Interesting that I don’t remember those bumps being in my 3L housing. I might try porting the housing once I do the tests without the seal. I can also attempt to drill out the bypass hole, but it looks like it makes a hard 90 so I might not be able to go much farther.

Thinking about this more it would be really helpful to have a temperature reading at the lower radiator hose. I think this would help us quantify the question of if the head is truly unable to transfer all of its heat to the coolant. If the lower water temp doesn’t rise proportionally to the temp of the water exiting the the head I think that would indicate the problem isn’t as simple as cooling capacity.

I agree, monitoring more on the engine would really allow a better understanding of the problem. I was day dreaming of running a half dozen or more thermocouples to a temperature logger while I go on a hard tow sometime. Could monitor several points in the cooling system at once, and I'm sure it would tell a story.

Another big factor for some of us is how much heat the auto trans dumps into the coolant. The trans cooler is right at the bottom of the rad, and would heat the coolant up right before it returns to the engine. I know when I'm towing I try as hard as I can to keep it in 3rd lock-up as long as possible. When it drops to 2nd and out of lock-up, it has quite a noticeable impact on coolant temps. There is a manual trans LJ78 for sale near me right now...I must say I have been a bit tempted.
 
At the end of it all I will most likely run the 3RZFE stat like the one @GTSSportCoupe has already installed and tested, if only to get an 82 instead of an 88 opening temp. And because I believe the temperature response to be quicker than others I tested.

Hey John. I did a bit of part searching this morning, and found that one of the newest 2LTE/2LT/3L/5L/5LE thermostats that Toyota has made (and is still using in current models like the LJ150) is an 82C t-stat. Every other L series t-stat I could find was 88C Anyhow, the 82C one is part number: 16340-54040 . It might be one of the best factory fit early opening OEM options out there... So temperature response would be probably the same as the 3RZFE one.
 
Also, I found a picture of what the ATEB shop used to do. They swore this was the fix for the 2LTE heat problem. They added a spacer to the t-stat housing, and installed a 1KZTE t-stat. Presumably it opens a lot more and allows more flow - and the spacer is the key to allowing this.. I believe they open at a much lower temperature too.

ATEB tstat.jpg
 
I agree, monitoring more on the engine would really allow a better understanding of the problem. I was day dreaming of running a half dozen or more thermocouples to a temperature logger while I go on a hard tow sometime. Could monitor several points in the cooling system at once, and I'm sure it would tell a story.
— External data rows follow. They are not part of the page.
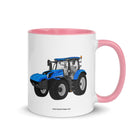 The Tractor Mugs Store Pink / 11 oz New Holland T6 180 Methane | Mug with Color Inside Quality Farmers Merch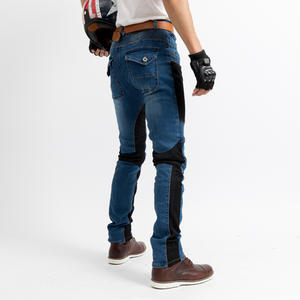 D-Ride Moto Black <b>Men's</b> Polyester/Cotton <b>Biker</b> <b>Jeans</b> with Removable Knee Protectors Breathable Quick Dry Design for All Seasons - Product Image 5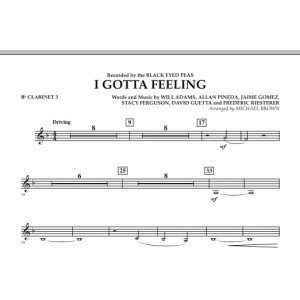 I Gotta Feeling - Bb Clarinet 3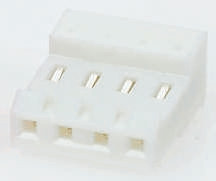 Złącze IDC kablowe 90°, 7A, 4-pinowe, raster: 3.96mm, seria: MTA-156, TE Connectivity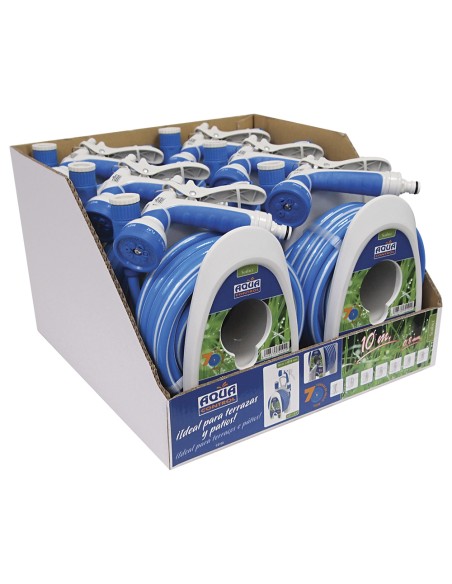 Carrito porta manguera especial terrazas 10 m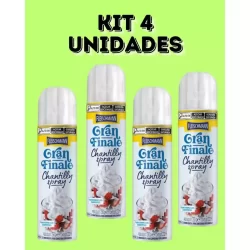 KIT 4 Chantilly Spray Pronto para uso 250g Gran Finale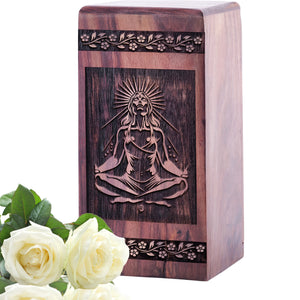 yoga Urn Size 5(H)x3(W)x3(L)Inches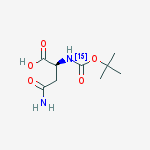 N-(tert-Butoxycarbonyl)-L-asparagine-(amine-15N)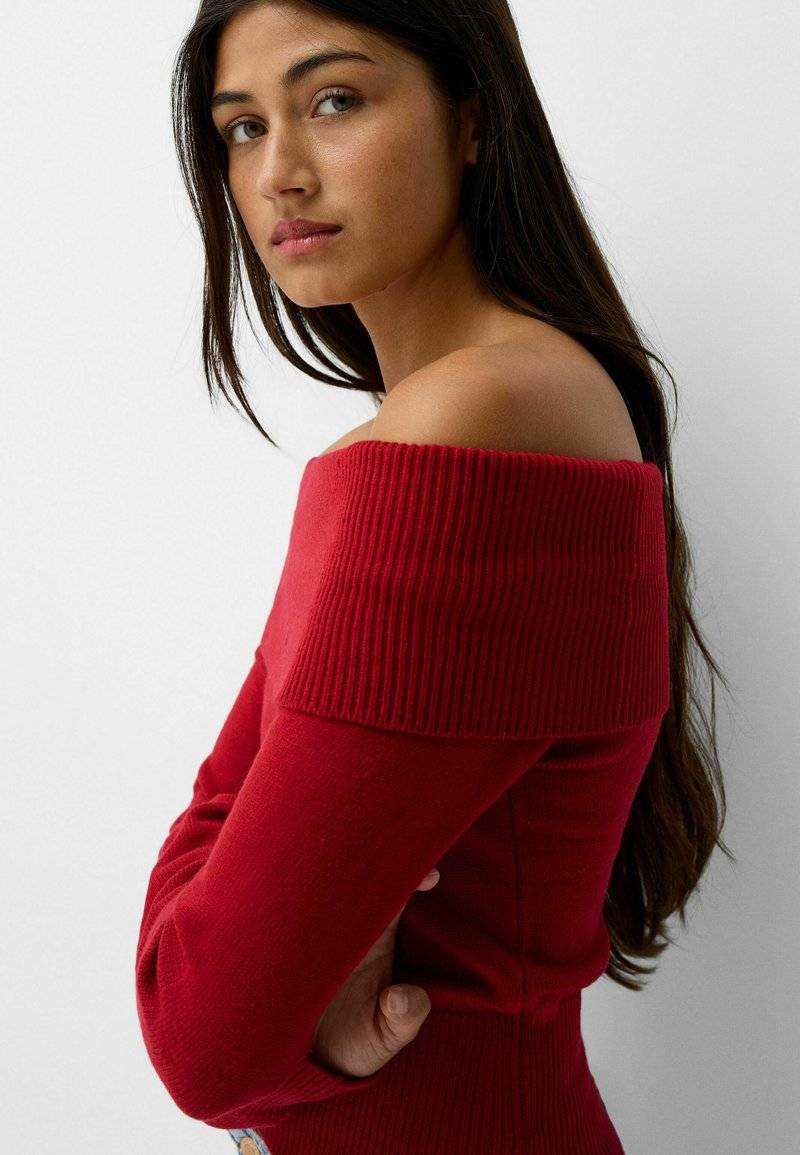 Bershka Bershka Jumper - red Super Rabatt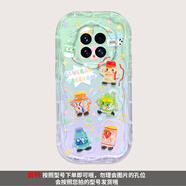潮殼一族（CKEYIZU） 適用正品蘋果華為適用于華為mate50手機(jī)殼立 -L0129飲料+手貼+奶油框透明色 華為Mate20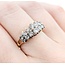 Ring 2 Row .75ctw Round Diamonds 14ky 8mm Sz5 3.10g 225040055
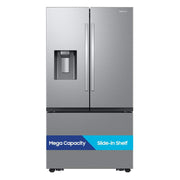 Samsung Bespoke AI 3-Door French Door Refrigerator, 31 Cu. Ft. Mega Capacity, External Water and Ice Dispenser, Stainless Steel, RF32CG5B30SR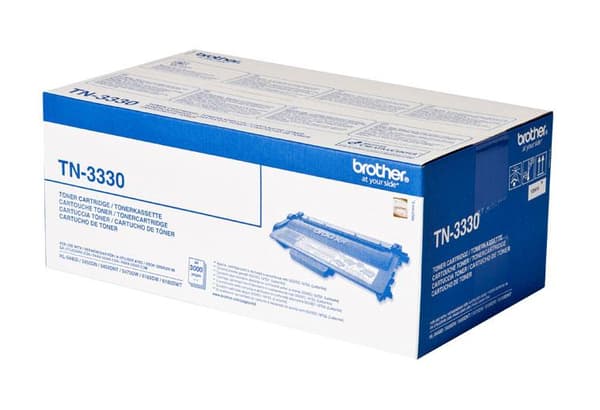 Brother Toner TN-3330 - Sort - Kapacitet: 3.000 sider (TN3330)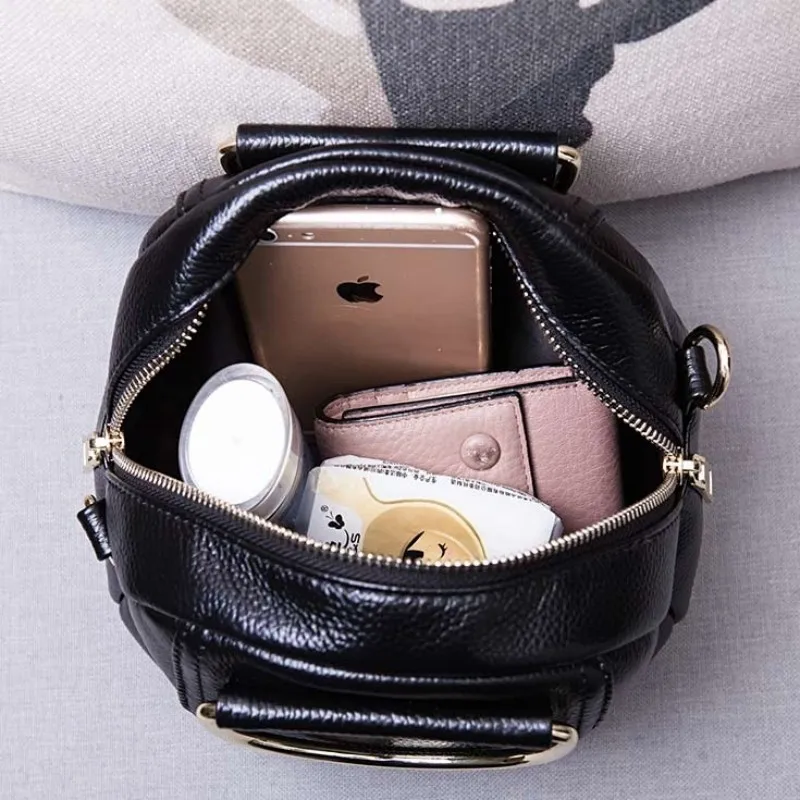 

Office Women Small Shoulder Tote Handbag 2021 Casual Versatile Single Crossbody Bags Female New Zipper Pillow Leather Handbags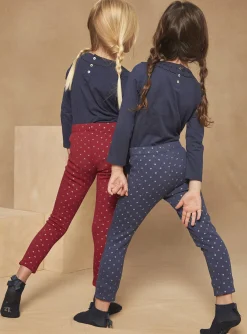 Sergent Major Tenues De Sport | Pantalon, Jean & Legging-2 leggings rouges et bleu marine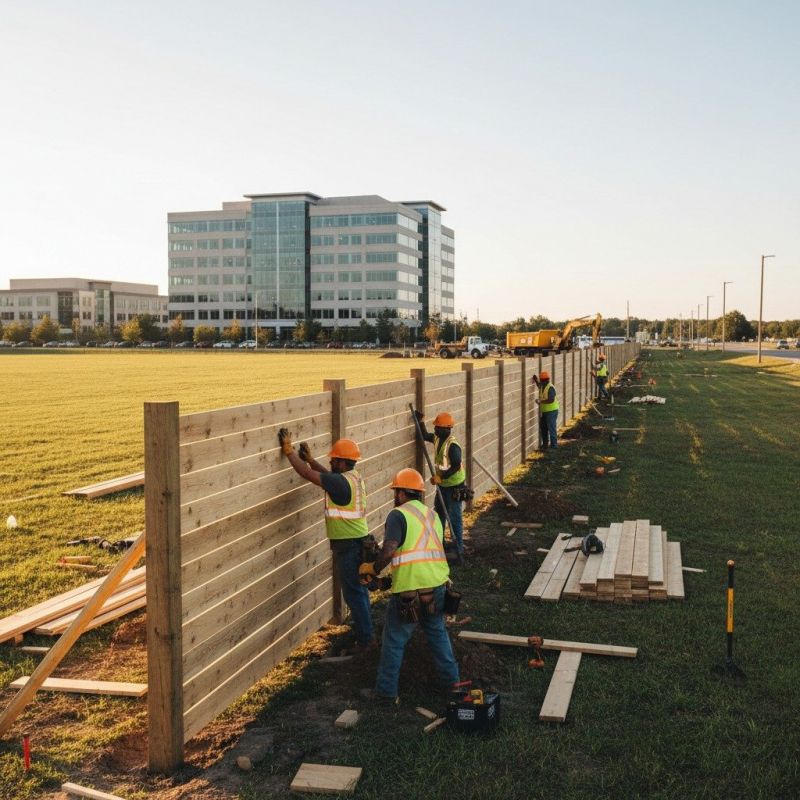 Concrete Fence Construction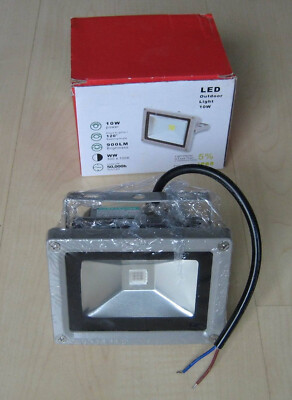 ROTES FLUTLICHT: 10Watt LED Strahler Fluter 120° 900 Lumen IP65 Alu floodlight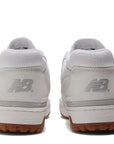 New Balance 550 in White with Gum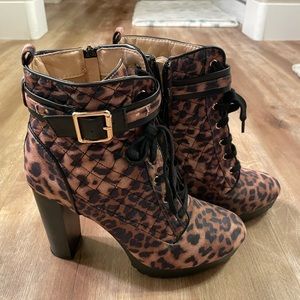 Just Fab Cheetah Boots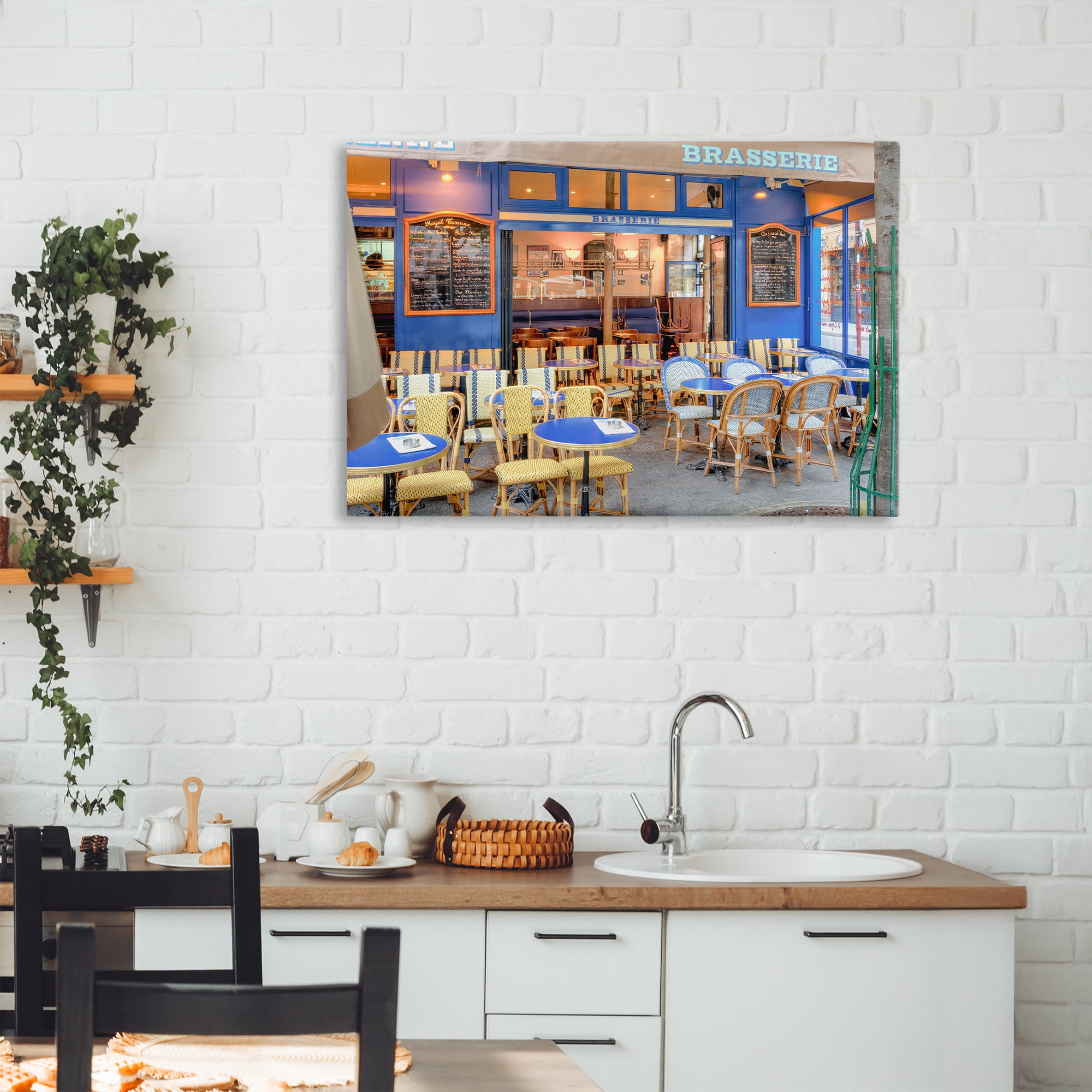 Stupell Industries Parisian Brasserie Terrace Canvas Wall Art, design by Alan Blaustein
Another big factor for some of us is how much heat the auto trans dumps into the coolant. The trans cooler is right at the bottom of the rad, and would heat the coolant up right before it returns to the engine. I know when I'm towing I try as hard as I can to keep it in 3rd lock-up as long as possible. When it drops to 2nd and out of lock-up, it has quite a noticeable impact on coolant temps. There is a manual trans LJ78 for sale near me right now...I must say I have been a bit tempted.

It still amazes me what you cruiser guys can put that engine through and still maintain decent water temps. I can barely get my truck to stay below 100 degrees up a grade and that’s with a lighter chassis and manual trans, not to mention without more fuel, boost, towing, inferior coolant, etc.

I do believe the hilux/surf LN series has a cooling capacity / airflow problem - on top of the same engine issues the LJs face - and if I can remedy that I will finally feel comfortable jumping to Evans. But that’s a whole other discussion.

I think I will tap my new radiator for a lower (output) temp sender to help add context to the thermostat discussion. They’re cheap enough and I would be able to repurpose it for exploring IAT and oil temp later on. I’ve always wondered how much heat the CT20 adds to the oil when running it without the water lines.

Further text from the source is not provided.